## What you should do:
If a line below contains the string "Figure", return that line.

(Data for analysis)

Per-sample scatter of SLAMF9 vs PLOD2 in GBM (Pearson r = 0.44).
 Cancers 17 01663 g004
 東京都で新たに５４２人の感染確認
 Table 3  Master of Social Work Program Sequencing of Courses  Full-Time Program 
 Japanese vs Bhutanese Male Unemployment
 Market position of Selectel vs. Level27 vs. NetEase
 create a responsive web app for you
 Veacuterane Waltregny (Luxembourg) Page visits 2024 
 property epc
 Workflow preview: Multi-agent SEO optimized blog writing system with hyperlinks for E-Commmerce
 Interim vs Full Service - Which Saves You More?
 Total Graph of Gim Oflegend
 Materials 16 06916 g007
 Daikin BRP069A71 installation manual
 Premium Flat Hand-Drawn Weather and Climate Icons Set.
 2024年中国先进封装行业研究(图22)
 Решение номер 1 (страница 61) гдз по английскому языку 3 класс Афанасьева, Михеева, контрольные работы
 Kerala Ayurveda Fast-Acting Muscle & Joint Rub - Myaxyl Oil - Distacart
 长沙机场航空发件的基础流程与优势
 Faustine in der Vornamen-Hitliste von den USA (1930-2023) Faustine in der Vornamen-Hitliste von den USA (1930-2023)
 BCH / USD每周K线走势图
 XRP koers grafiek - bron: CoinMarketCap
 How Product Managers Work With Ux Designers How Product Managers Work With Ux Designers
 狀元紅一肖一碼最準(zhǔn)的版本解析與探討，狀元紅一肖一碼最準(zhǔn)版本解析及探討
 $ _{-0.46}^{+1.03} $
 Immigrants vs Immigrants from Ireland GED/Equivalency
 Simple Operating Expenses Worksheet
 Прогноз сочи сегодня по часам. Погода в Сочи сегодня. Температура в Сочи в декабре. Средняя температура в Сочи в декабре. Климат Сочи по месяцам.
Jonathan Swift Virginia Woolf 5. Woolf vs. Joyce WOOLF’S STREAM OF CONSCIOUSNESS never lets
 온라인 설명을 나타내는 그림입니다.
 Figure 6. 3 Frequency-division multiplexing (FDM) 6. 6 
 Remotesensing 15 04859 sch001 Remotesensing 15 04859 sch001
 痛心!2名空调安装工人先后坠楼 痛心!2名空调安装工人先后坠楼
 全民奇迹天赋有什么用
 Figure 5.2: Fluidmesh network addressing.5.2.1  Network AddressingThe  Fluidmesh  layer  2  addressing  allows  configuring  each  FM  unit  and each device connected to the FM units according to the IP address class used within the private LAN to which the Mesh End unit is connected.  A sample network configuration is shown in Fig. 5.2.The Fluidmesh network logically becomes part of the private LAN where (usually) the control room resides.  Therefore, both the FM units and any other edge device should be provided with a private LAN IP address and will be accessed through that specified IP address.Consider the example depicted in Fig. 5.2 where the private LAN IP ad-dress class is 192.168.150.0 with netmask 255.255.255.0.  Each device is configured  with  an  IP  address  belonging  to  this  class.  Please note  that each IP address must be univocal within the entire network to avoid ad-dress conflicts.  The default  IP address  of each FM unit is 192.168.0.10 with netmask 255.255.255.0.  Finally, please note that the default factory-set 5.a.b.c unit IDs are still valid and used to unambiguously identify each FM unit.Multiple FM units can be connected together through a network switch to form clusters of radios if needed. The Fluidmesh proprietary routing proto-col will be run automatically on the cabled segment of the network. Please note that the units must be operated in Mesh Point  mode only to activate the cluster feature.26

(End Data for analysis)

## Result of this task:
 Figure 6. 3 Frequency-division multiplexing (FDM) 6. 6 
 Figure 5.2: Fluidmesh network addressing.5.2.1  Network AddressingThe  Fluidmesh  layer  2  addressing  allows  configuring  each  FM  unit  and each device connected to the FM units according to the IP address class used within the private LAN to which the Mesh End unit is connected.  A sample network configuration is shown in Fig. 5.2.The Fluidmesh network logically becomes part of the private LAN where (usually) the control room resides.  Therefore, both the FM units and any other edge device should be provided with a private LAN IP address and will be accessed through that specified IP address.Consider the example depicted in Fig. 5.2 where the private LAN IP ad-dress class is 192.168.150.0 with netmask 255.255.255.0.  Each device is configured  with  an  IP  address  belonging  to  this  class.  Please note  that each IP address must be univocal within the entire network to avoid ad-dress conflicts.  The default  IP address  of each FM unit is 192.168.0.10 with netmask 255.255.255.0.  Finally, please note that the default factory-set 5.a.b.c unit IDs are still valid and used to unambiguously identify each FM unit.Multiple FM units can be connected together through a network switch to form clusters of radios if needed. The Fluidmesh proprietary routing proto-col will be run automatically on the cabled segment of the network. Please note that the units must be operated in Mesh Point  mode only to activate the cluster feature.26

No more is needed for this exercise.